Auf der Suche nach Beuys
Szymczyks binationale Variante der documenta ist im Vergleich zu 2012 kämpferischer und kratzborstiger, sie eckt eher an als herauszufordern, sie ist konkreter in ihrer Gesamtaussage - und bietet weniger Überraschungen. Trump, die Flüchtlingskrise, Kriege und der Abbau von Sozialleistungen in westlichen Demokratien werden vielfach kommentiert, vom riesigen Betonobelisken als Refugee-Mahnmal über Videoinstallationen, die den brüllenden Trump zeigen, bis hin zum Panzer, der aus bequemen Sitzmöbeln in Tarnfarbe gebaut wurde - ein Symbol dafür, wie die Weltöffentlichkeit Kriege gemütlich aussitzt.

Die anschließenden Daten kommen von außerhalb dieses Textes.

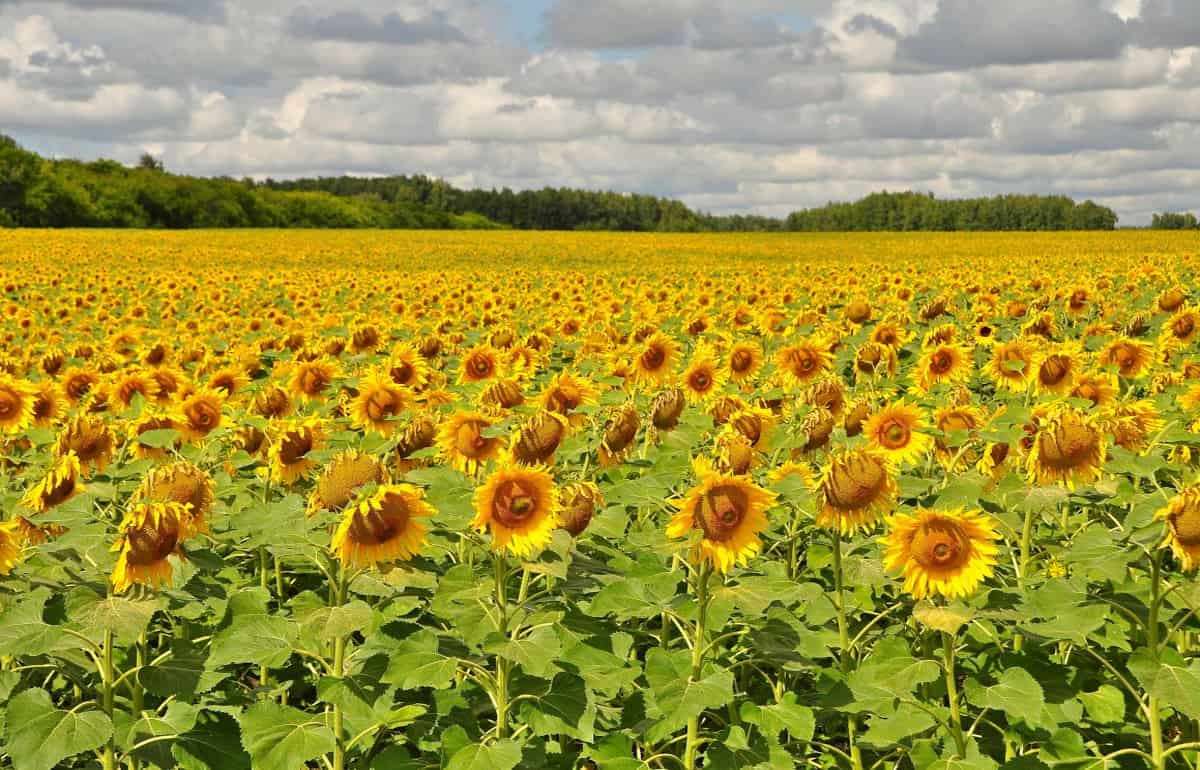 Казахстан переориентирует сельское хозяйство с пшеницы на подсолнечник - agroexpert.md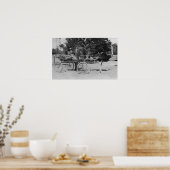 Los Angeles, CA Straußenfarm Cart Scene Poster (Küche)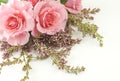 Pink Roses and Lilac White Background Royalty Free Stock Photo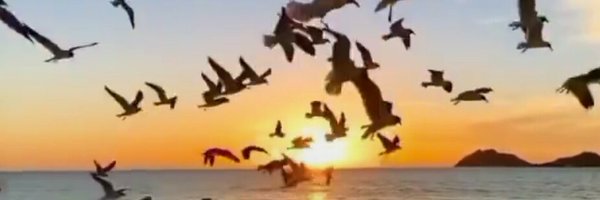 IBSEMTITE Profile Banner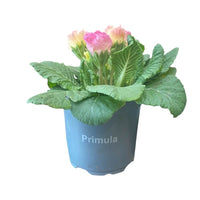 Stueplanter med blomster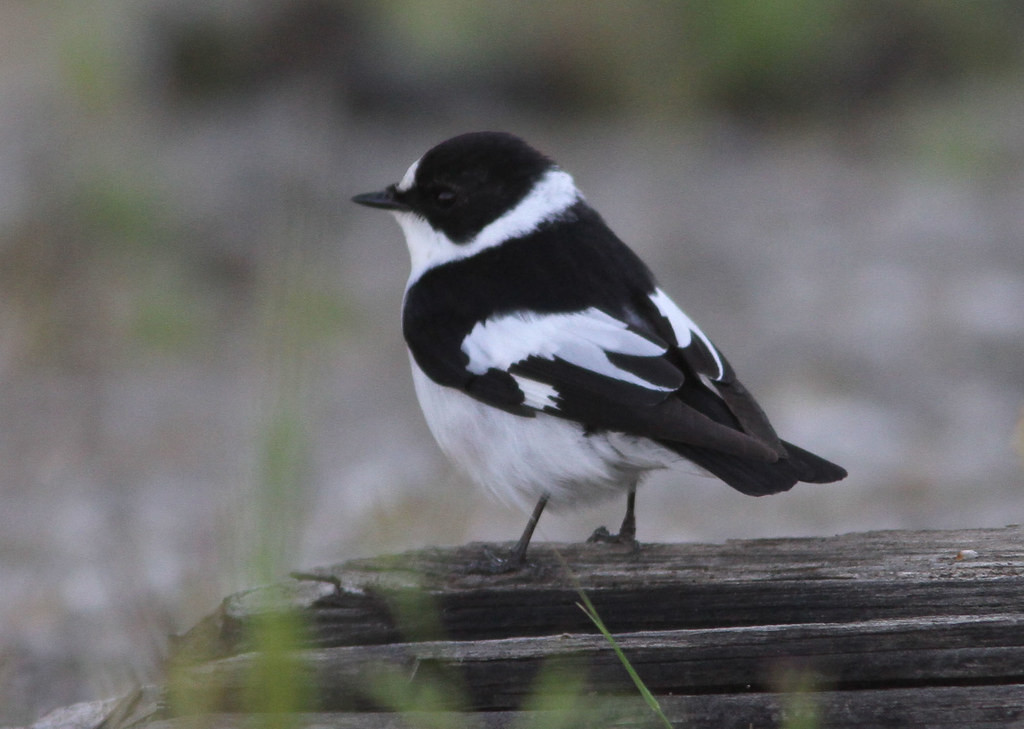 One of the real pleasures of birding during Spring migration is not knowing what is going to pop up next. It could be a dapper Collared Flycatcher 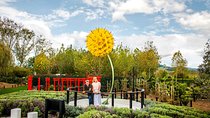 Private tour - Matakana Art & Wine Village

Prozesse und Projekte sollen durch zahllose Veranstaltungen angestoßen werden, die über die Dauer der documenta hinausgehen: soziale Praxis als Kunst, revisited.
Aber ist ein Joseph Beuys dabei, der einst von Kassel aus die Kunstwelt auf den Kopf stellte? Sieht man hier grundsätzlich Neues, was man so oder so ähnlich nicht schon bei Festivals von der Größenordnung eines „steirischen herbsts“ gesehen hat? Der Fairness halber muss man diese Frage unbeantwortet lassen. Zu groß ist die documenta - und dann noch in zwei Städten -, als dass man sich in kurzer Zeit mehr als einen ersten Überblick verschaffen könnte. Ein Besuch der documenta ist immer auch eine Entdeckungsreise, bei der es keine richtige oder falsche Route gibt.
Eine dieser Routen führt heuer in Kassel, besonders lohnend, in die Unterwelt: Der aufgelassene, unterirdische Teil des Hauptbahnhofs wird bespielt, düster und zugleich ungemein witzig, mit Sitzgelegenheiten zwischen den Gleisen, Videoinstallationen in Katakomben, Kunstwerken neben alten Werbungen und einem Gruß an Griechenland am buchstäblichen Ende des Tunnels, dort, wo sich das Licht seine Bahn bricht, trotz aller „Verfinsterung der globalen Situation“.